Some of the databases require special settings to database and/or JDBC driver to be able to handle Unicode characters. Please find the settings for your database below. Note that if a database is listed here, it can still work properly provided it handles UTF-8 encoding properly both on the level of database and JDBC driver.
Technically, the key criterion for Unicode support for all fields is whether the database allows setting of Unicode
character set for VARCHAR
and CHAR
fields. If yes, there is a high chance that Unicode will be plausible, usually at
the expense of field length. If it only supports Unicode in NVARCHAR
and NCHAR
fields, Unicode support for all text
fields is unlikely as Keycloak schema uses VARCHAR
and CHAR
fields extensively.
Oracle Database
Unicode characters are properly handled provided the database was created with Unicode support in VARCHAR
and CHAR
fields (e.g. by using AL32UTF8
character set as the database character set). No special settings is needed for JDBC
driver.
If the database character set is not Unicode, then to use Unicode characters in the special fields, the JDBC driver needs
to be configured with the connection property oracle.jdbc.defaultNChar
set to true
. It might be wise, though not
strictly necessary, to also set the oracle.jdbc.convertNcharLiterals
connection property to true
. These properties
can be set either as system properties or as connection properties. Please note that setting oracle.jdbc.defaultNChar
may have negative impact on performance. For details, please refer to Oracle JDBC driver configuration documentation.

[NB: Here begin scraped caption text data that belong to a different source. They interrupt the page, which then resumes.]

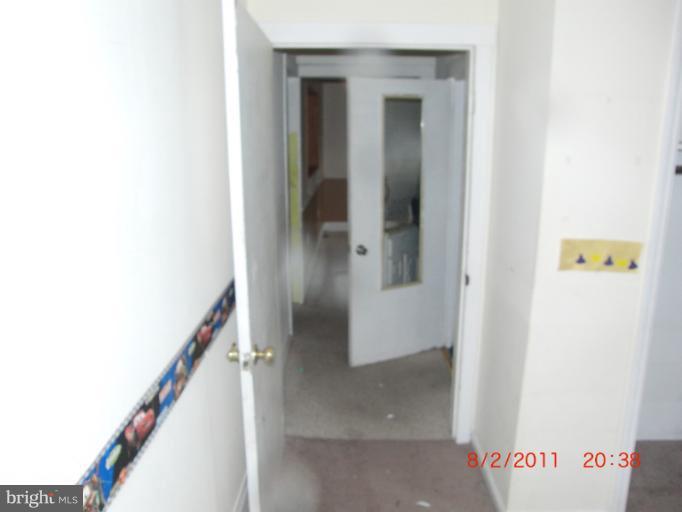 402-11 East 11th Avenue Ranson, WV 25438 - Photo 3 of 19 a view of a hallway with wooden floor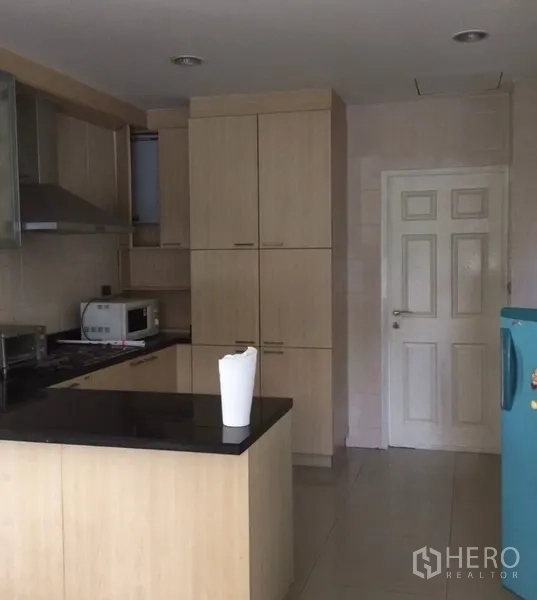 Detached House for rent in Bang Phli, Samut Prakan - Fitted kitchen with light wood cabinetry, black granite countertop, hob and extractor.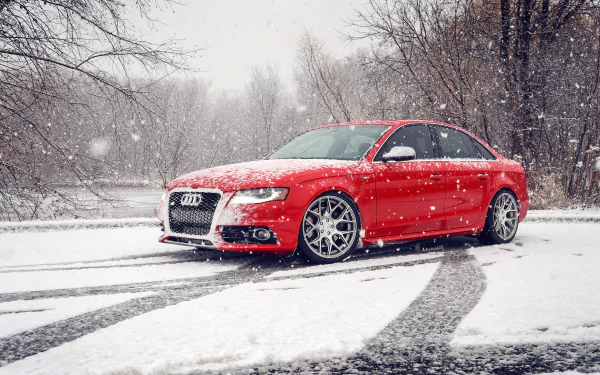 Red Audi S4 parked on a snowy road during winter snowfall, surrounded by bare trees, captured in a high-definition PC desktop wallpaper image.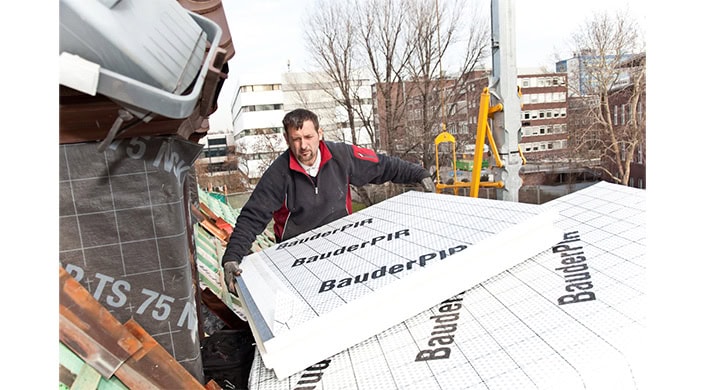 Ein Mann installiert weiße Dämmplatten mit der Aufschrift „BauderPIR“ im Freien, Bäume und Gebäude im Hintergrund.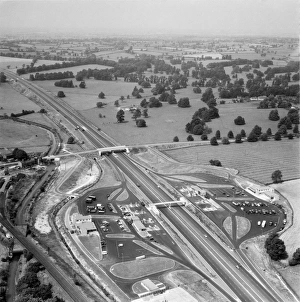 <b class=qtipBold><figcaption>Motorway Services 1961 EAW094297</figcaption></b><br>M1 MOTORWAY. Aerial view of the motorway and the service station at Newport Pagnell, after opening to all traffic in 1960. This was the second motorway service station built in England, but the first to accomodate cars. Photograph taken in July 1961. Aerofilms Collection (see Links).<br><em>© Historic England Aeroflims Collection</em> Motorway Services 1961 EAW094297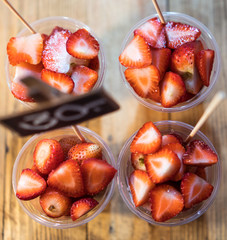 Ripe strawberries in a plastic cup. View from above.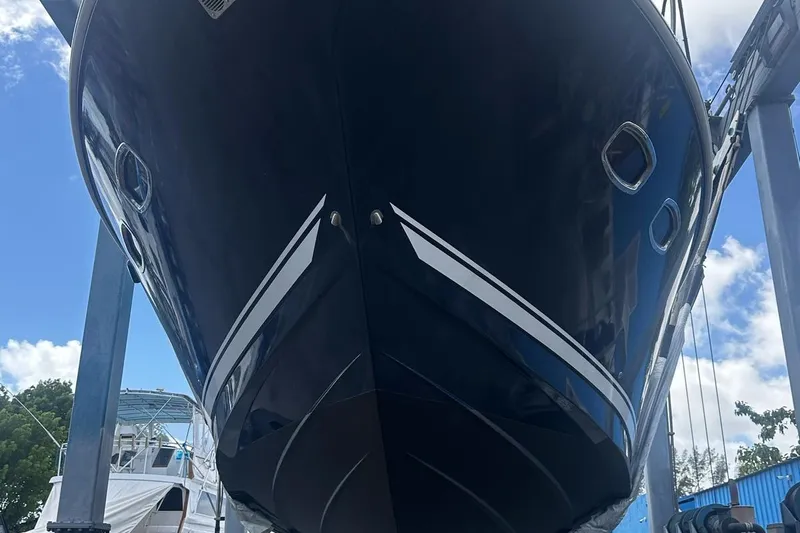 Beach House Yacht Photos Pics 2010 Sea Ray 450 Sundancer yacht in dry dock, viewed from below.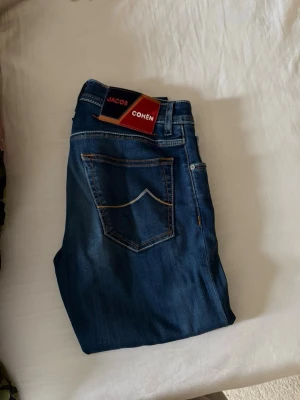 Blå jeans från Jacob Cohën - Snygga blå jeans från Jacob Cohën med klassisk femficksmodell och raka ben. Jeansen har kontrastsömmar och en patch med logga bak i midjan. Tillverkade i mjukt denimtyg som ger en skön passform.
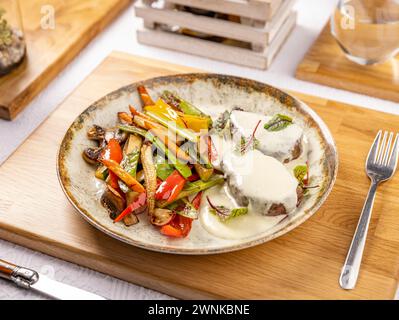 Gegrillte Schweinekoteletts mit geröstetem Gemüse, serviert mit Sauce, Restaurant-Menü Stockfoto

Microsoft SQL Server Database
Unicode characters are properly handled only for the special fields. No special settings of JDBC driver or database is necessary.
IBM DB2 Database
Unicode characters are properly handled for all fields, length reduction applies to non-special fields. No special settings of JDBC driver or database is necessary.
MySQL Database
Unicode characters are properly handled provided the database was created with Unicode support in VARCHAR
and CHAR
fields in the CREATE DATABASE
command (e.g. by using utf8
character set as the default database character set in
MySQL 5.5. Please note that utf8mb4
character set does not work due to different storage requirements to utf8
character set [1]). Note that in this case, length
restriction to non-special fields does not apply because columns are created to accomodate given amount of characters,
not bytes. If the database default character set does not allow storing Unicode, only the special fields allow storing
Unicode values.
At the side of JDBC driver settings, it is necessary to add a connection property characterEncoding=UTF-8
to the JDBC
connection settings.
PostgreSQL Database
Unicode is supported when the database character set is UTF8
. In that case, Unicode characters can be used in any
field, there is no reduction of field length for non-special fields. No special settings of JDBC driver is necessary.